Daqui
a 50 anos, estudarão como um bando usou bandeiras sociais para roubar sem
perder a ternura
O álbum de figurinhas com os personagens que ficarão
na história por defender Dilma Rousseff e seu mandato delinquente está
crescendo. Fora as
consciências que agem como pessoa jurídica –
com ou sem recibo –, há o exército de mandrakes da bondade. São figuras
tristes que penduraram sua reputação em meia dúzia de clichês ideológicos e
vivem esta trágica missão: adaptar seu caráter a um slogan. Não pensem que é
fácil.
Daqui a 50 anos, o Brasil de 2016
será estudado desta forma: uma avassaladora operação policial e judicial
desmascarou um bando que estava usando as bandeiras sociais e humanitárias para
roubar o país sem perder a ternura. O estudante de 2066 custará a crer que, depois de flagrada a quadrilha, os
mandrakes da bondade continuaram a defendê-la bravamente – num esforço
épico para salvar seus slogans. Tudo, menos rasgar a fantasia.
Esta
coluna criticou, em sua edição passada, a postura de parte da imprensa
internacional na cobertura do impeachment de Dilma Rousseff. E citou o jornal
americano The
New York Times como um dos veículos que vêm adotando a tese de
que há um golpe de Estado no Brasil. Afirmar que a democracia brasileira
está em risco por conta de uma manobra política ilegítima é muito grave. É o tipo da afirmação que requer
demonstração cabal – se o autor pretende ser levado a sério.
Não há demonstração cabal – nem pálida – sustentando
essa tese gravíssima. Vá ao Google, caro leitor,
e tente encontrar qualquer matéria publicada na
imprensa internacional que explique por que a ordem institucional no Brasil
estaria sendo violentada. Você
não encontrará. A base científica é sempre a mesma: o choro dos que não querem largar o osso. Eles dizem que o crime
fiscal de Dilma Rousseff não foi nada de mais.
A alguns
milhares de quilômetros de distância – em
Nova York, por exemplo – o desfalque
de Dilma não deve doer nada mesmo. A não ser nos americanos lesados pelas
negociatas na Petrobras. Mas esses não escrevem editoriais. Discutir como
os crimes de responsabilidade estão demonstrados no pedido de impeachment, e
até apresentar as lamúrias petistas sobre supostas falhas jurídicas no
processo, estaria dentro do exercício jornalístico. Mas bancar a tese do golpe
num processo conduzido absolutamente dentro das regras, com todos os ritos cumpridos e avalizados pelo Supremo Tribunal Federal (de maioria petista), é uma leviandade.
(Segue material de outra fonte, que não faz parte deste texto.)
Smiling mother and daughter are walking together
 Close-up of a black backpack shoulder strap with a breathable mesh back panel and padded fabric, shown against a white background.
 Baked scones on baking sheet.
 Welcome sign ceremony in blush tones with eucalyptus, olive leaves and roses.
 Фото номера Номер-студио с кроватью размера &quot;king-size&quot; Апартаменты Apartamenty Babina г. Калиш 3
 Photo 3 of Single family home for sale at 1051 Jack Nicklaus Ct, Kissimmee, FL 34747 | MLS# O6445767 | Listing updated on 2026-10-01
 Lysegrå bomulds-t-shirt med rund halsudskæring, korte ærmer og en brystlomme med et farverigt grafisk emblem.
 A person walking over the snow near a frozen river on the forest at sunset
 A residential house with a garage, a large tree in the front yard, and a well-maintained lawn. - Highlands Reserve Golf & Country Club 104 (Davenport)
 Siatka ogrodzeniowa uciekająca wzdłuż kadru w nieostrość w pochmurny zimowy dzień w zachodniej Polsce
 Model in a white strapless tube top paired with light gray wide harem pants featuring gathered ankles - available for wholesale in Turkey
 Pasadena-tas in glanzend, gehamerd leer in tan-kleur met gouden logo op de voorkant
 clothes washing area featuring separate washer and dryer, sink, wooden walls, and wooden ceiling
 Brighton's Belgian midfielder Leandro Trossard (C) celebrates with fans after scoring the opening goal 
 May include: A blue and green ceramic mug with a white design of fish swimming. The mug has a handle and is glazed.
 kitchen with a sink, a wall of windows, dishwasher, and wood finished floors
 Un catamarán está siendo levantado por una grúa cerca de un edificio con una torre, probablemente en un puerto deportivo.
Esta coluna fez então uma ironia – referindo-se à famigerada imprensa de aluguel bancada pelo governo Dilma
– perguntando se o NYT, por seu posicionamento
espantoso, também estaria no bolso do
PT. É sabido que os mandrakes da bondade detestam a liberdade e
sonham com um mundo que caiba em suas cartilhas. São os talebans envergonhados.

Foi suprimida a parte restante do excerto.